Adherence to scheduling was measured by the question “Most anti-HIV medications need to be taken on a schedule, such as ‘2 times a day’ or ‘3 times a da’ or ‘every 8 hrs.’ The participants were asked to report how closely they followed their specific schedule over the last 4 days using a 5-point Likert scale, ranging from “never” to “all the time.” Schedule non-adherence was defined as having missed scheduling in the past 4 days. Adherence to dietary instructions was measured by first asking “Do any of your anti-HIV medications have special food instructions, such as ‘take with food’ or ‘on an empty stomach’ or ‘with plenty of fluids’?” If the response was “yes,” participants were asked to rate how often they had followed dietary instructions over the last 4 days using a 5-point Likert scale, ranging from never” to “all the time.” Schedule non-adherence was defined as having missed scheduling in the past 4 days. Food non-adherence was defined as not having followed special instructions over the last 4 days.
Data analysis
Data were analyzed using Statistical Package for the Social Sciences (SPSS) for Windows software application programme version 17.0. Frequencies, means, standard deviations, median, interquartile range, were calculated to describe the sample.
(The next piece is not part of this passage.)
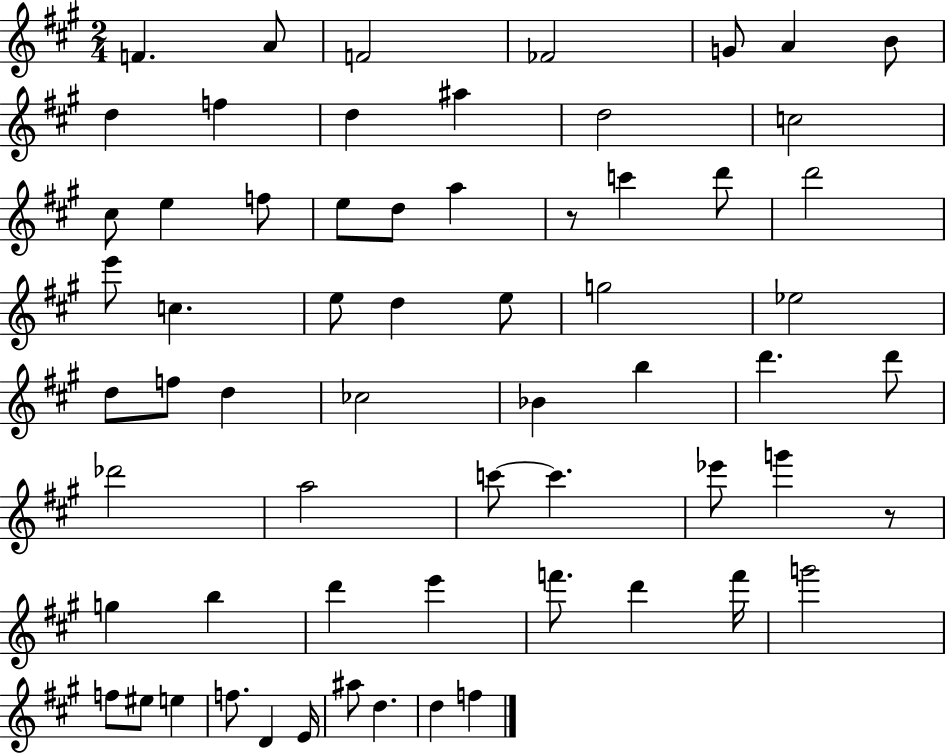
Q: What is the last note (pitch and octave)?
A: F5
Bivariate analyses were conducted to examine the relationships between overall TCAM use, herbal remedy use and socio-demographic variables, health characteristics, ART adherence and further health-seeking behaviour variables. Multivariate logistic regression included in the model All variables statistically significant at the 5% level in bivariate analyses were included in the multivariate model. No significant interactions were found between socio-demographic variables health-seeking behaviour and health characteristics. In multivariate regressions, adjustment was made for site of care, to account for variations in practice patterns and demographic differences across sites.
Results
Of 735 patients (29.8% male and 70.2% female) who completed assessments prior to initiation of ARVs, 525 were able to complete the assessment at six months follow-up. Of the original cohort, 75 had died, 57 had been transferred, 54 could not be traced, 23 refused the interview and 1 interview was incomplete. At six months following proposed ARV initiation, 519 patients started therapy and six failed to start treatment. Over the six month period 24 patients (4.6%) had temporarily suspended ARVs because of side effects, and three (0.6%) had changed their ARVs. HIV medications for 411 (79.8%) patients included Lamivudine (3TC), Starivudine (d4T) + efavirenz (Stocrin) and for 107 (20.8%) Lamivudine (3TC), Starivudine (d4T) + nevirapine.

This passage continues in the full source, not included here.